=== BRIEF ===
When duplicating the records beneath this instruction, omit every picture and keep all else exact.

=== ENTRIES SUPPLIED ===

- - - - -

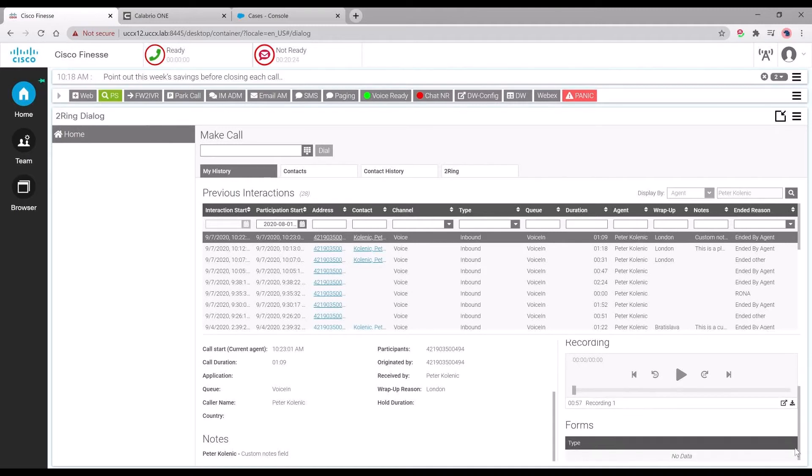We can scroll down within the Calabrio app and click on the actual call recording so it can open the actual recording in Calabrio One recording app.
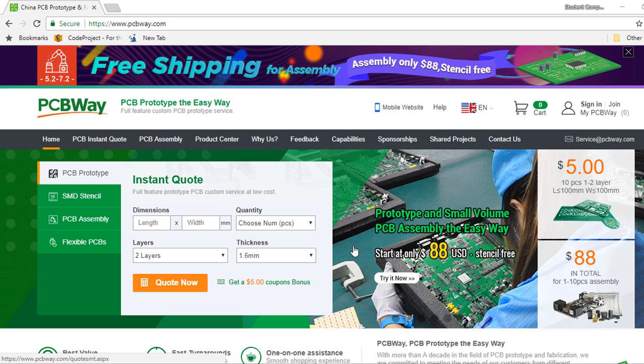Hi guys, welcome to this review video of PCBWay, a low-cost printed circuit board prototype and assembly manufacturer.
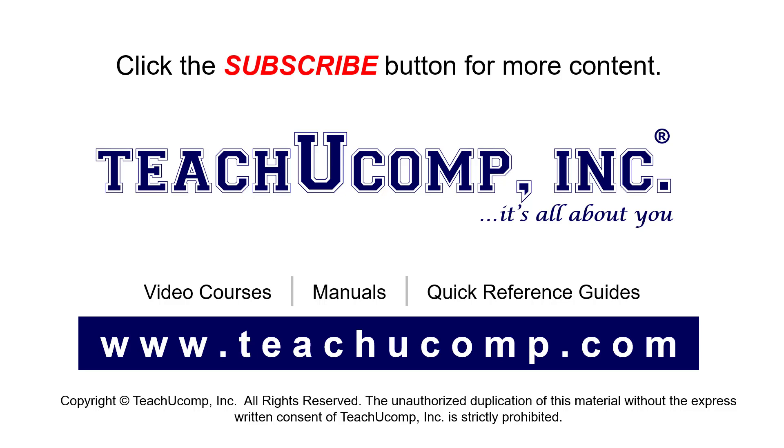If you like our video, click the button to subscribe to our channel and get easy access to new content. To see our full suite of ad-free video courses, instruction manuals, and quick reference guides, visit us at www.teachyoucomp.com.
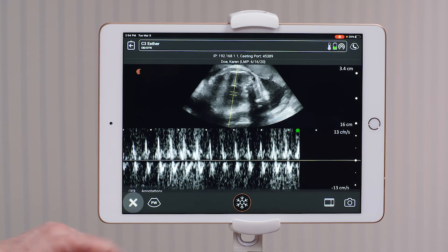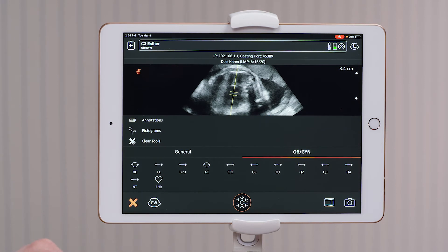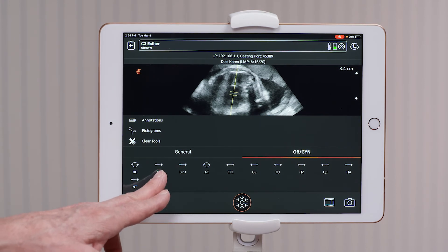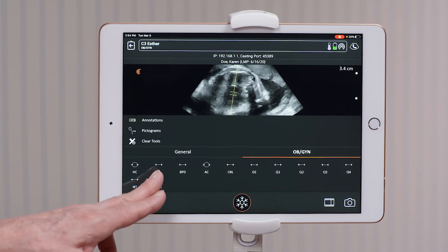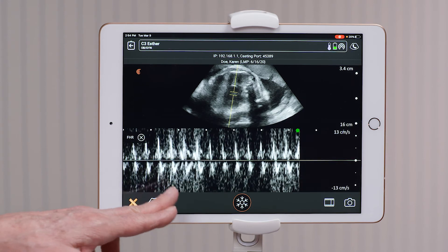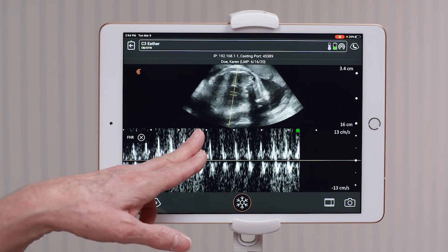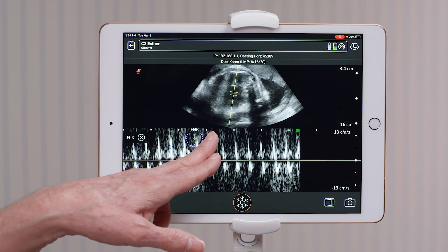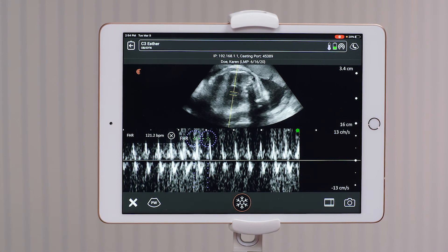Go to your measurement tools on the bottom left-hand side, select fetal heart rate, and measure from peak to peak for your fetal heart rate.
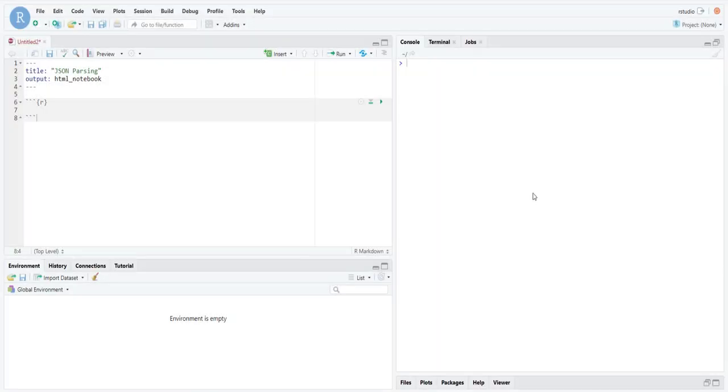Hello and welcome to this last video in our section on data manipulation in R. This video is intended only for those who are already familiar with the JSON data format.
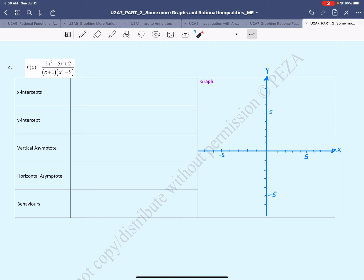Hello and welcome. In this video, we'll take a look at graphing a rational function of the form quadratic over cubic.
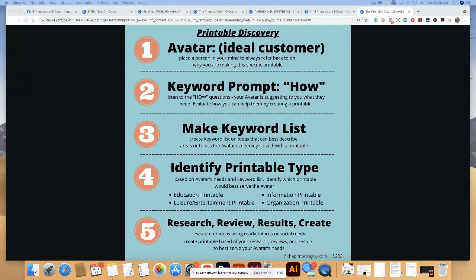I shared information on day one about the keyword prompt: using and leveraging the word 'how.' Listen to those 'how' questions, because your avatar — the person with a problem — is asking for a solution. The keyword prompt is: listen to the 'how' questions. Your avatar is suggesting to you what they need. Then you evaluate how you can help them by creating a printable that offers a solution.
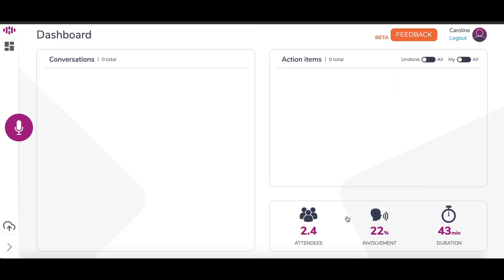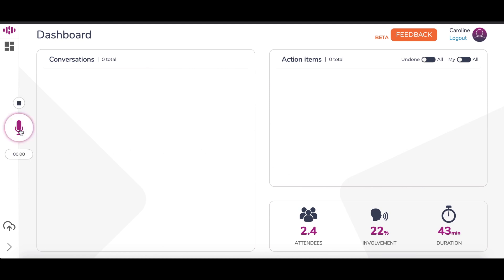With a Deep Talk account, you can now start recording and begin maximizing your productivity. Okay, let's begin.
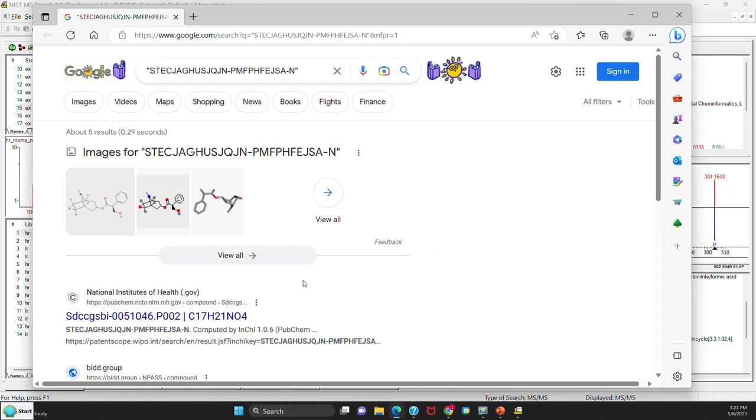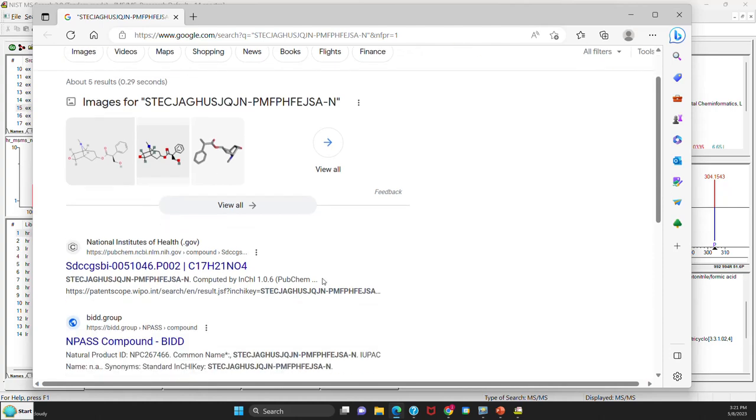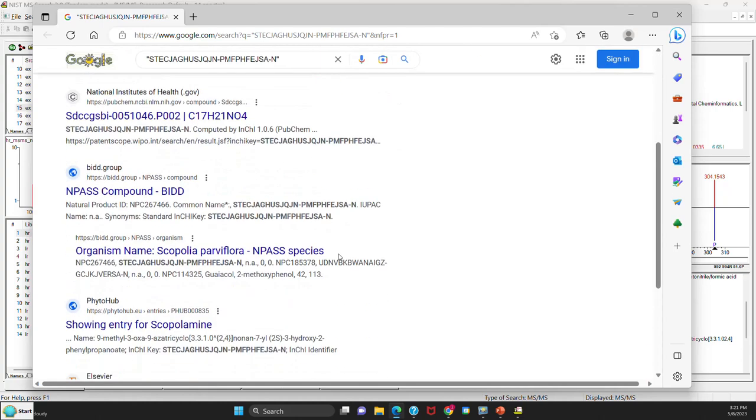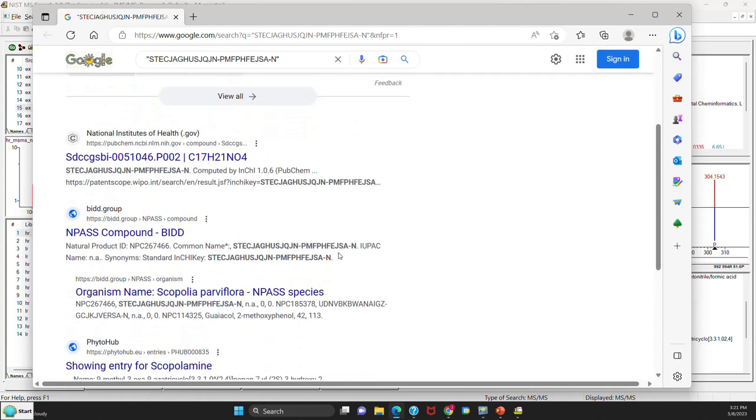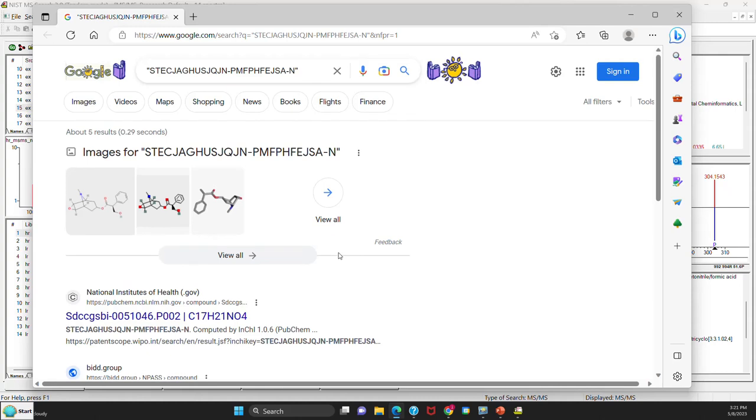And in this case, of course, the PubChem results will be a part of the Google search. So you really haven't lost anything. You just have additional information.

- - - - -

=== OUTPUT OF THE TASK ===
We can scroll down within the Calabrio app and click on the actual call recording so it can open the actual recording in Calabrio One recording app.
Hi guys, welcome to this review video of PCBWay, a low-cost printed circuit board prototype and assembly manufacturer.
If you like our video, click the button to subscribe to our channel and get easy access to new content. To see our full suite of ad-free video courses, instruction manuals, and quick reference guides, visit us at www.teachyoucomp.com.
Go to your measurement tools on the bottom left-hand side, select fetal heart rate, and measure from peak to peak for your fetal heart rate.
Hello and welcome to this last video in our section on data manipulation in R. This video is intended only for those who are already familiar with the JSON data format.
Hello and welcome. In this video, we'll take a look at graphing a rational function of the form quadratic over cubic.
I shared information on day one about the keyword prompt: using and leveraging the word 'how.' Listen to those 'how' questions, because your avatar — the person with a problem — is asking for a solution. The keyword prompt is: listen to the 'how' questions. Your avatar is suggesting to you what they need. Then you evaluate how you can help them by creating a printable that offers a solution.
With a Deep Talk account, you can now start recording and begin maximizing your productivity. Okay, let's begin.
And in this case, of course, the PubChem results will be a part of the Google search. So you really haven't lost anything. You just have additional information.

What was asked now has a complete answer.